間もなく牛車を引いて出発し、「空より花の」と和歌を引っ張ってきて面白がっていたのだが、愛でているうちにいつの間にか雪が散り失せたのは、こうして雪がやんでしまうということであろうか。「それは景色がひどく見劣りがするだろう」と、人々は大変嫌がるのを、「本当に拍子抜けで残念だ」とお思いになるけれど、「そうだからといって引き返すようなのも、人目に悪いようだ。やはり法輪寺の八講の法会にかこつけて先へ」という考えになりなさって、ひたすらに急がせなさるとき、またも真っ暗に辺りが曇って、先ほどよりも雪が散り乱れたので、道のほとりに牛車を立てさせながらご覧になると、何がしの山やくわがしの河原も、ただほんのちょっとの間に見た目が変わっている。
(ヒント)せっかくの雪がやんでしまったが、また降り始めた。

例の(雪がやんでしまって)渋々同行した人たちも、とてもよく笑って「これは小倉の峰であろうか」「それは梅津の渡りであろう」と、口々に定め合っているのだが、松と竹の区別ですらも(雪の舞うなか)誤解してきっと違うはずのようだ。「あぁ、世の中に風流とはこういうのを言うのであろうよ。やはりここで見て鑑賞しよう」と言って、そのまま下簾をかかげなさりながら、

 ここもまた月の中にある里であるらしい 雪がこの世のものとは思えないほど光り輝いている

などと面白がりなさるとき、見た目が好ましい童で水干(男子の平安装束の一つ)を着ている者が、寒さで手をさすりながら後ろを追ってきて、牛車の榻(しじ、支え・踏み台)のところにうずくまって、「これを牛車に」と差し出したのは、源少将からのお手紙であった。大夫が取って受け渡して差し出すのを(主人公が)ご覧になると、手紙に「いつも置いていきなさらないのに、今回は

白雪が降るのふるではないが、振り捨てられた私の辺りでは、白雪ではなく恨みばかりが千重に積もっている」
(ヒント)本家に置いてきた源少将からクレーム届く。昔はLINEなどないので、物理で手紙を届けるしかない。(ということは源少将も近くにいるのだろうか?)ちなみに牛車に榻(しじ)を備え付けてよいのは、相当身分が高い人のみで、主人公はかなり高貴か?

とあるのを、(主人公は)微笑みなさって畳紙に、

「私を探し訪ねて来るだろうかと、道を進めつつ雪に跡をつけながら、あなたを待っていると知らなかったのだろうか」

間髪を入れずそこにある松を雪のまま折らせなさって、その枝に結び付けてお与えになった。

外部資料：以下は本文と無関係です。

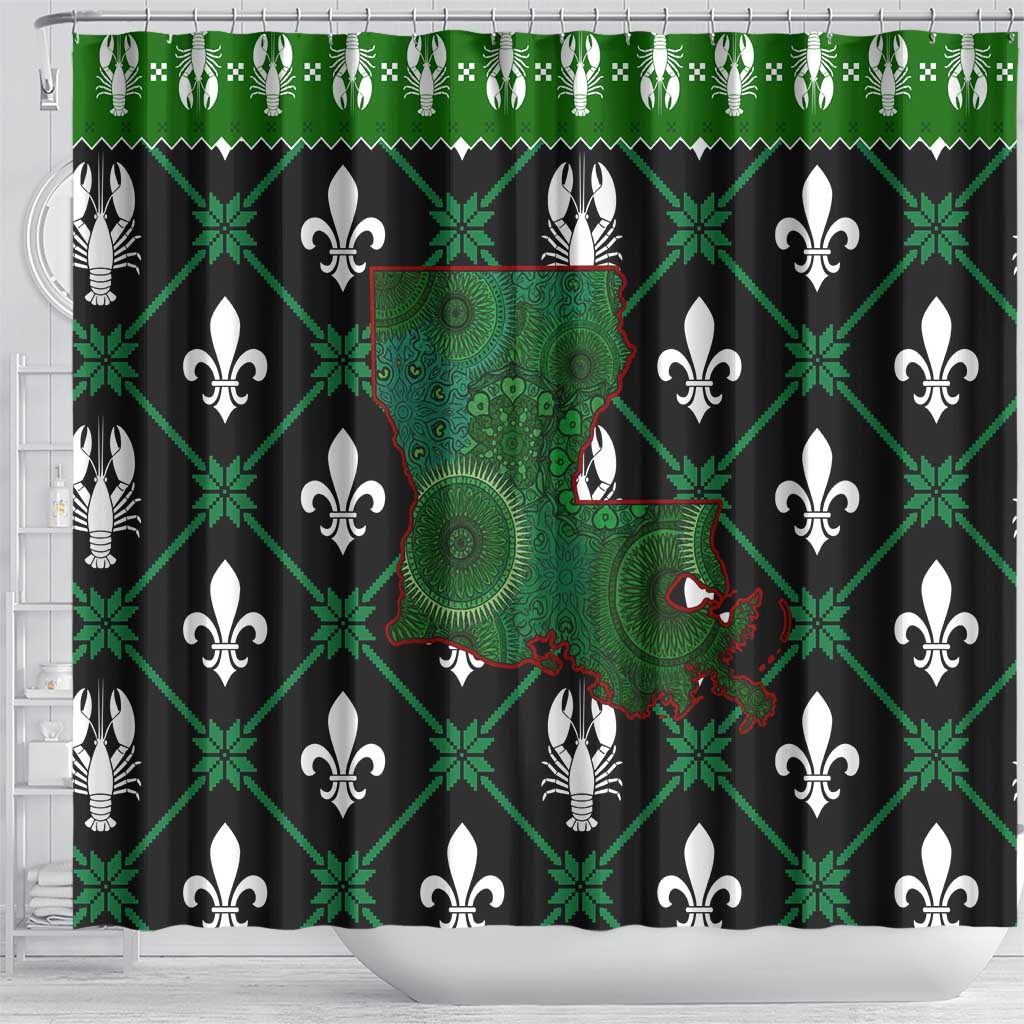 Louisiana USA Symbols Pattern Christmas Shower Curtain Xmas Holiday Patterns - Wonder Print Shop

だんだん暮れてくるうちに、先ほどは雲や霧で一面曇っていたのも、気づけば名残なくすっかり晴れ渡って、桂という月ゆかりの名を背負う里の月の光がはなやかに差し出したので、雪の光もいっそう映えて輝きを増しつつ、天地の限り、銀をたたき延ばしているように一面輝いて、むやみにまぶしい夜の様子である。

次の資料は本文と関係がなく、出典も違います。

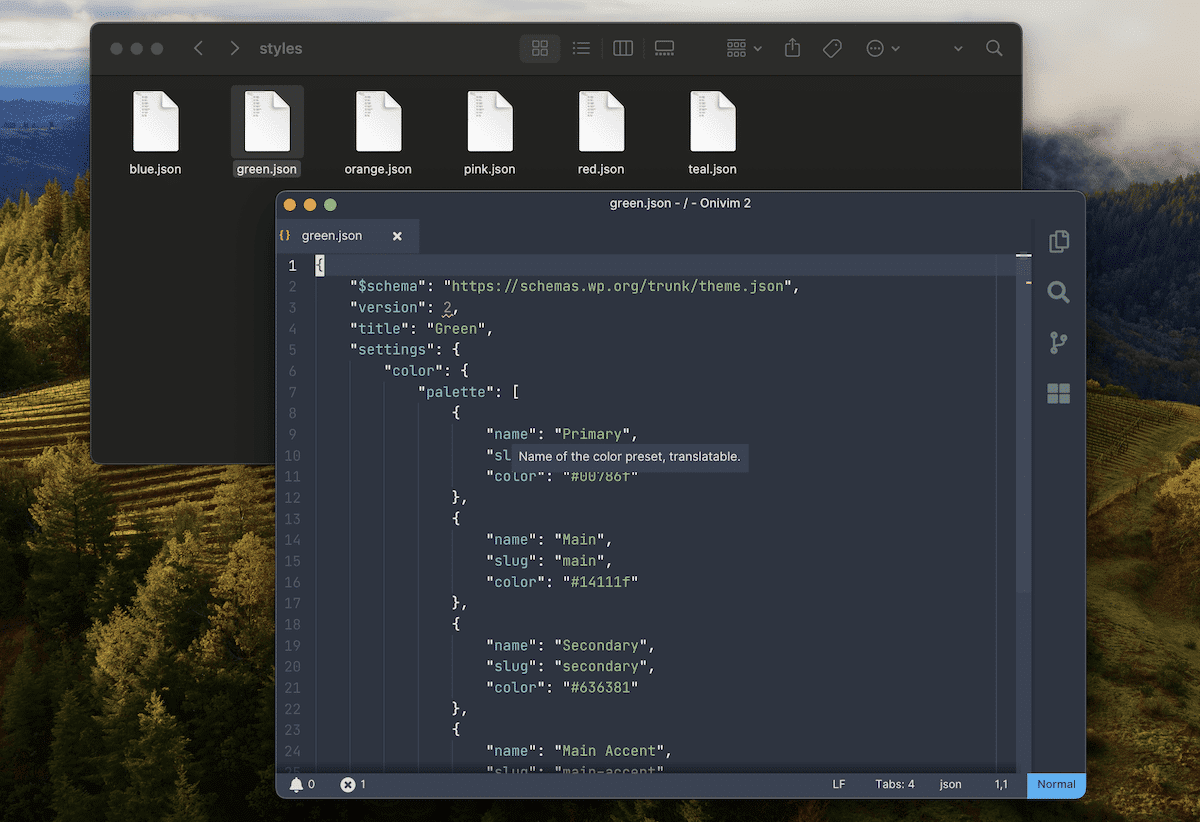 La interfaz de macOS muestra dos ventanas. La ventana de fondo muestra un explorador de archivos con varios archivos JSON para diferentes esquemas de color. La ventana de primer plano muestra un editor de código abierto a green.json, que contiene los ajustes de color del tema para un esquema de color verde.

院の管理役も出てきて、「こんな風にお越しになるとも知らなかったので、早くにお迎え申し上げなかったこと」などと言いながら、頭も上げず万事低姿勢に振る舞うあまりに、牛の額の雪をかき払うと言するといってはもったいなくも新雪を踏み回り、足や手の色を海老のように赤くして桂の木の間を吹き抜ける風のもと風邪を引きながら歩いて回る。人々は「今は早く別荘の中に引っ張り入れてくれよ。あちらの様子もとても見たいので」と言って、一斉にそわそわしているのを、主人公は「確かに」と思いなさるけれど、ここもなお見過ごすことができなくて。
(ヒント)問4の現代文部分に次のようにあった。「桂風」は「桂の木の間を吹き抜ける風」のことであるが、「桂風を引き」に は「風邪を引く」という意味も掛けられている。